= Task to carry out =
Each line from the one that includes "Воюющие страны" to the last line of the data below should be set down exactly; no other lines are wanted.
==*==
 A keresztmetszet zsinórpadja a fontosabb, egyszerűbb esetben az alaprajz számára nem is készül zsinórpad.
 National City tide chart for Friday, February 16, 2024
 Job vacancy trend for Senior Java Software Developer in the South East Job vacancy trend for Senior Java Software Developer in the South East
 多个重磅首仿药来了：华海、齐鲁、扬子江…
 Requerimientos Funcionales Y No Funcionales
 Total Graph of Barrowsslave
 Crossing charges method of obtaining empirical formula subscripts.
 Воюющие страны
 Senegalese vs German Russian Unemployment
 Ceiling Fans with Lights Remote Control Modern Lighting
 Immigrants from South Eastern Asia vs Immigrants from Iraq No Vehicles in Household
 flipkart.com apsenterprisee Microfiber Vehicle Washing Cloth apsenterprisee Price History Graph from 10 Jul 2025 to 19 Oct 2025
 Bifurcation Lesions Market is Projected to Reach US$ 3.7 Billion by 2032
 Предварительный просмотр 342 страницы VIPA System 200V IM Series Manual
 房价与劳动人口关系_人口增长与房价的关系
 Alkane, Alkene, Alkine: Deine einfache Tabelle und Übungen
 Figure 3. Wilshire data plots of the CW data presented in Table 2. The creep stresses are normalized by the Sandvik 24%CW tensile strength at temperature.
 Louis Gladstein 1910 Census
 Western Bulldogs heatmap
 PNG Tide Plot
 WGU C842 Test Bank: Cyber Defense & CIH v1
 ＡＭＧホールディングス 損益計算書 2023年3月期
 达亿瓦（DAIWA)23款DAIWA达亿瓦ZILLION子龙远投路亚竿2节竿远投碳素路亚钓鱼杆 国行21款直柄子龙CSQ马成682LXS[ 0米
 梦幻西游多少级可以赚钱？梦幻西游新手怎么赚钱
==*==
= Task response =
 Воюющие страны
 Senegalese vs German Russian Unemployment
 Ceiling Fans with Lights Remote Control Modern Lighting
 Immigrants from South Eastern Asia vs Immigrants from Iraq No Vehicles in Household
 flipkart.com apsenterprisee Microfiber Vehicle Washing Cloth apsenterprisee Price History Graph from 10 Jul 2025 to 19 Oct 2025
 Bifurcation Lesions Market is Projected to Reach US$ 3.7 Billion by 2032
 Предварительный просмотр 342 страницы VIPA System 200V IM Series Manual
 房价与劳动人口关系_人口增长与房价的关系
 Alkane, Alkene, Alkine: Deine einfache Tabelle und Übungen
 Figure 3. Wilshire data plots of the CW data presented in Table 2. The creep stresses are normalized by the Sandvik 24%CW tensile strength at temperature.
 Louis Gladstein 1910 Census
 Western Bulldogs heatmap
 PNG Tide Plot
 WGU C842 Test Bank: Cyber Defense & CIH v1
 ＡＭＧホールディングス 損益計算書 2023年3月期
 达亿瓦（DAIWA)23款DAIWA达亿瓦ZILLION子龙远投路亚竿2节竿远投碳素路亚钓鱼杆 国行21款直柄子龙CSQ马成682LXS[ 0米
 梦幻西游多少级可以赚钱？梦幻西游新手怎么赚钱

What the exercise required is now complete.